What is a “wholesale failure” and when does it give rise to potential liability? Prior to charging a CISO for alleged “wholesale failures,” the SEC should find that each of the following factors was present (and clearly articulate them to provide clear guidance and reassurance to the CISO community):

  • Did the CISO make a good-faith effort to carry out their responsibilities? The SEC should decline to pursue charges where a CISO made a good-faith effort to develop an information security program or execute an incident response. In assessing whether a CISO acted in good faith, the SEC should look to the fundamentals of proactive compliance recently set out by Director of Enforcement Grewal: education, engagement, and execution. But the SEC’s analysis cannot be based on ex-post analysis of how well the CISO weighed risks and red flags against the functioning of the business; no institution will ever be without risk, and how risks are mitigated, addressed, or managed requires enterprise-wide judgments based on, among other things, an evaluation of business risk tailored to the organization’s different threats, vulnerabilities, and risk tolerances.
  • Did the alleged failure relate to a fundamental or central aspect of a well-run cybersecurity program at the company? Even where a CISO is alleged to have failed to act in good faith, that should not be considered a “wholesale failure” unless it relates to a fundamental or central aspect of a company’s cybersecurity program. For example, a CISO’s failure to stay informed about significant changes in the threat landscape might, depending on the circumstances, indicate a wholesale failure because it relates to a central aspect of cybersecurity program. 
  • Did the alleged failure persist over time, and did the CISO have multiple opportunities to cure the alleged failure? Even where there is an alleged failure to act in good faith that relates to a fundamental aspect of a cybersecurity program, the SEC should consider the extent to which that failure persisted over time and whether the CISO had opportunities to remediate it.
  • Did the SEC issue clear rules or guidance related to the alleged failure in advance of the time at which the alleged failure occurred? Individual CISO liability is inappropriate where reasonable minds could differ on the proper interpretation of regulatory expectations and what would constitute violative conduct.
  • Does charging the CISO help fulfill the SEC’s regulatory goals? An SEC charge, particularly against an individual, must always serve the SEC’s regulatory mission to protect investors.

Mitigating Factors

If the affirmative factors above suggest that charges against a CISO may be appropriate, the SEC should next consider mitigating factors weighing against liability.

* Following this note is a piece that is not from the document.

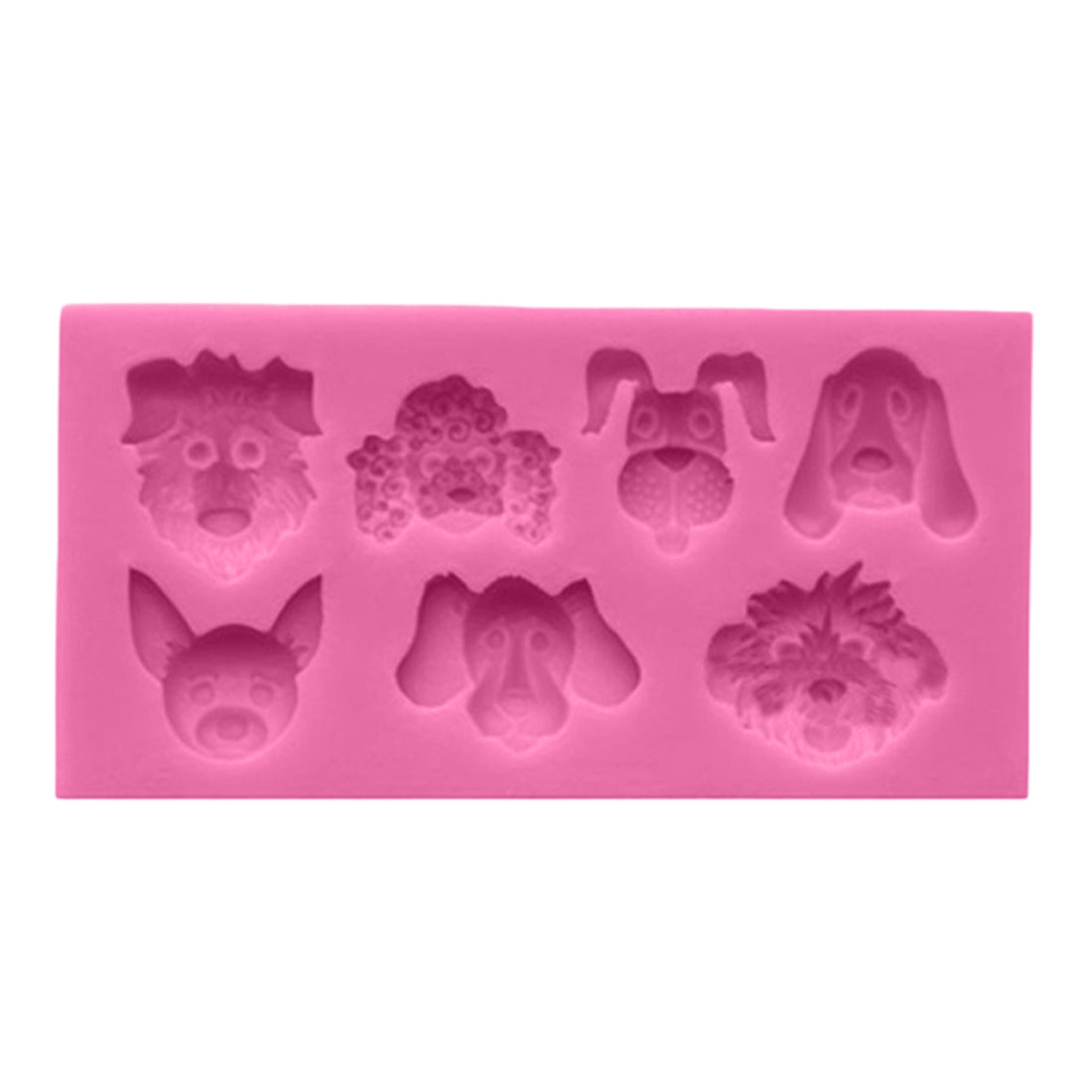 ELECTROPRIME Dogs Shape Cartoon Silicone Fondant Cake Decorating Mold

  • Did the CISO timely and transparently escalate the issue to other stakeholders?  The fact that the CISO – having determined that a risk manifested or a breach occurred – actively raised the issue to security stakeholders like senior management and/or the board should weigh against personal liability.
  • Did structural or resource challenges hinder the CISO’s performance? A CISO cannot be expected to evaluate, educate, and execute a functioning program singlehandedly. CISOs require resources, cooperation from internal stakeholders, and decision-making authority, and the SEC should consider whether and how a company’s organizational structure affects that coordination or a CISO’s empowerment.


This CISO Framework would require the SEC to decline to pursue enforcement actions against a CISO where the CISO made good-faith efforts to fulfil their responsibilities. In light of the SEC’s recent charges in SEC vs. SolarWinds, we think this CISO Framework would instil greater transparency, accountability, and predictability in the way the SEC contemplates charging CISOs – something the CISO community needs and deserves.